*** Listed entries Section Begins ***

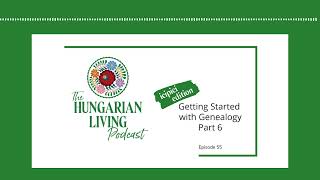 Getting Started with Genealogy Part 6 | Hungarian Living Ep. 55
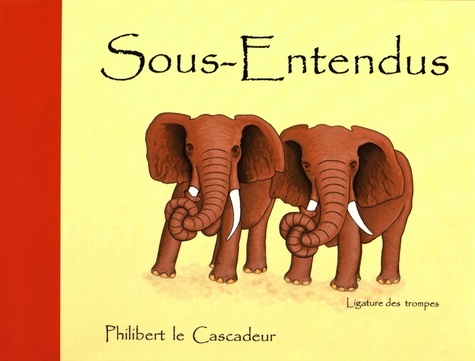  Philibert le Cascadeur - Sous-entendus.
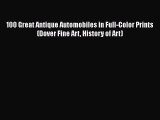 [Read Book] 100 Great Antique Automobiles in Full-Color Prints (Dover Fine Art History of Art)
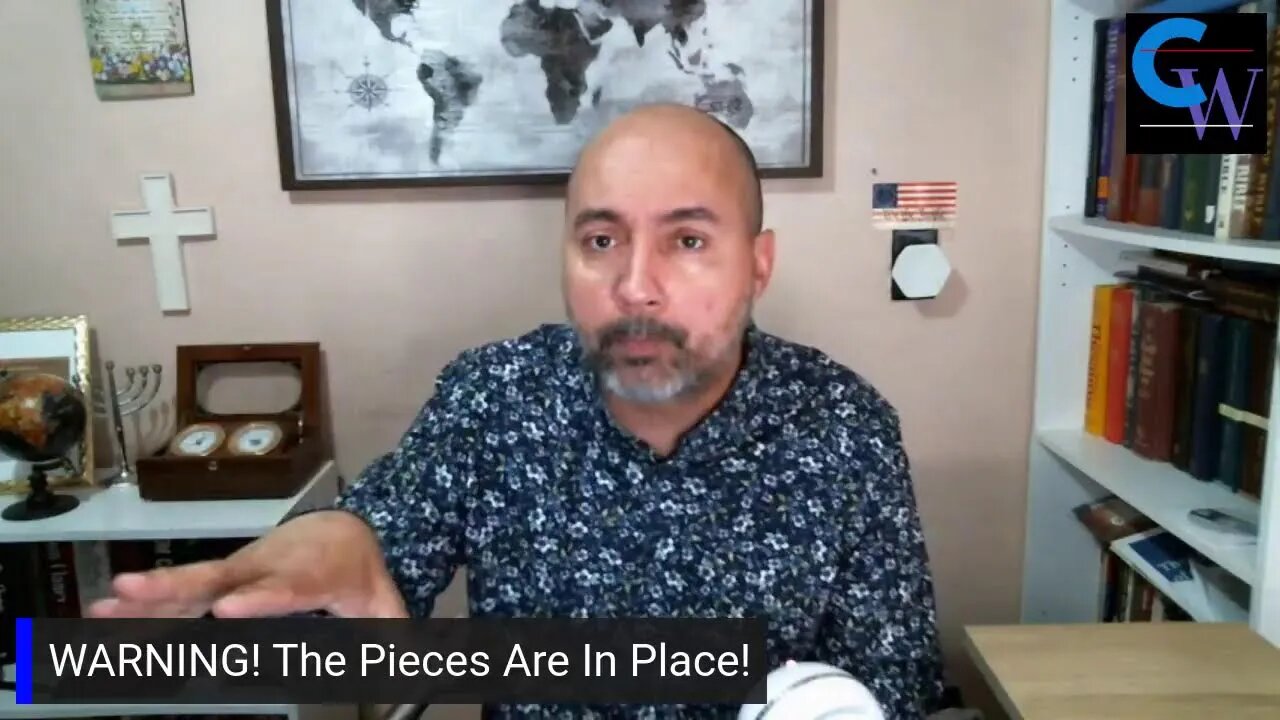 WARNING! The Pieces Are In Place!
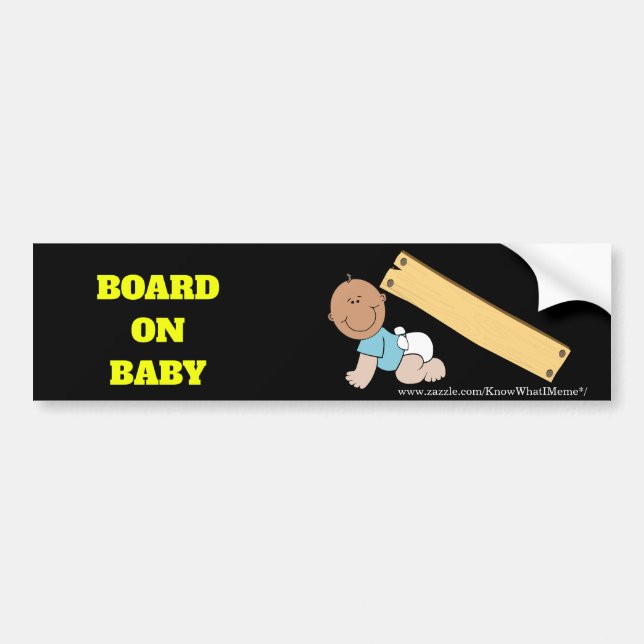 Board on Baby Bumper Sticker (Front)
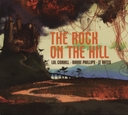 Image du média "THE ROCK ON THE HILL de Lol COXHILL/BARRE PHILLIPS/JT BATES"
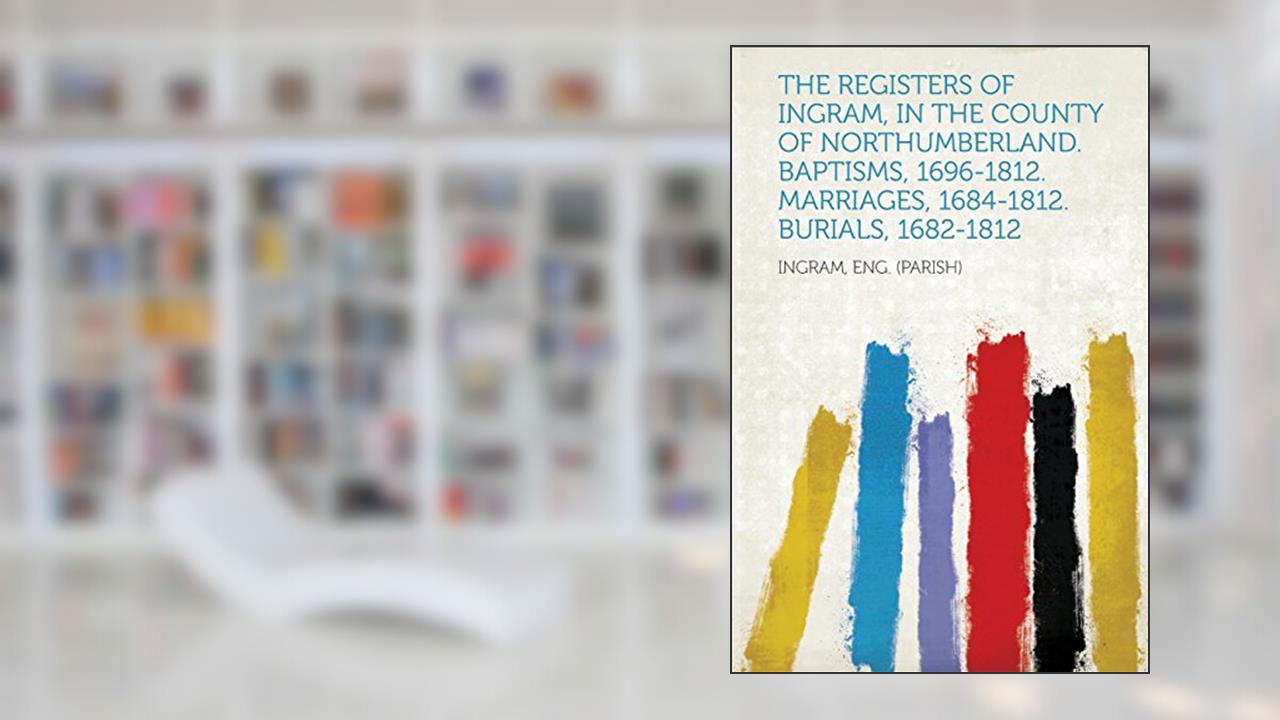 The Registers of Ingram, in the County of Northumberland. Baptisms, 1696-1812. Marriages, 1684-1812. Burials, 1682-1812, written by Ingram Eng (Parish)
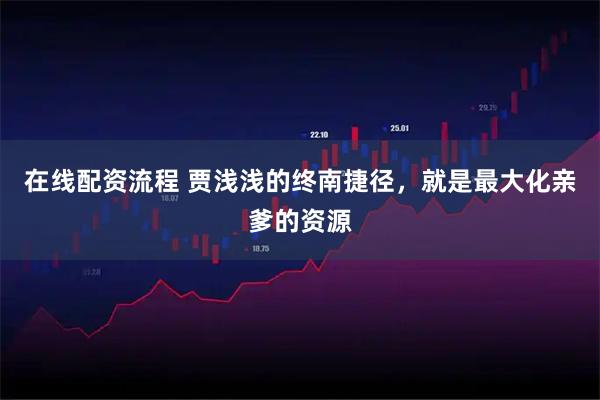在线配资流程 贾浅浅的终南捷径，就是最大化亲爹的资源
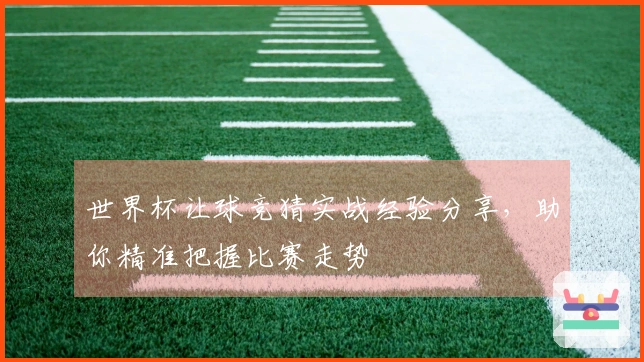 世界杯让球竞猜实战经验分享，助你精准把握比赛走势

*** Listed entries Section Ends ***

## [What needs to be done]
The line with "Philibert le Cascadeur - Sous-entendus." and each line after it, through the final line of the data, are to be duplicated exactly, with pictures left out and nothing more included.

## [Result]
  Philibert le Cascadeur - Sous-entendus.
 [Read Book] 100 Great Antique Automobiles in Full-Color Prints (Dover Fine Art History of Art)
 WARNING! The Pieces Are In Place!
 Board on Baby Bumper Sticker (Front)
 Image du média "THE ROCK ON THE HILL de Lol COXHILL/BARRE PHILLIPS/JT BATES"
 The Registers of Ingram, in the County of Northumberland. Baptisms, 1696-1812. Marriages, 1684-1812. Burials, 1682-1812, written by Ingram Eng (Parish)
在线配资流程 贾浅浅的终南捷径，就是最大化亲爹的资源
 世界杯让球竞猜实战经验分享，助你精准把握比赛走势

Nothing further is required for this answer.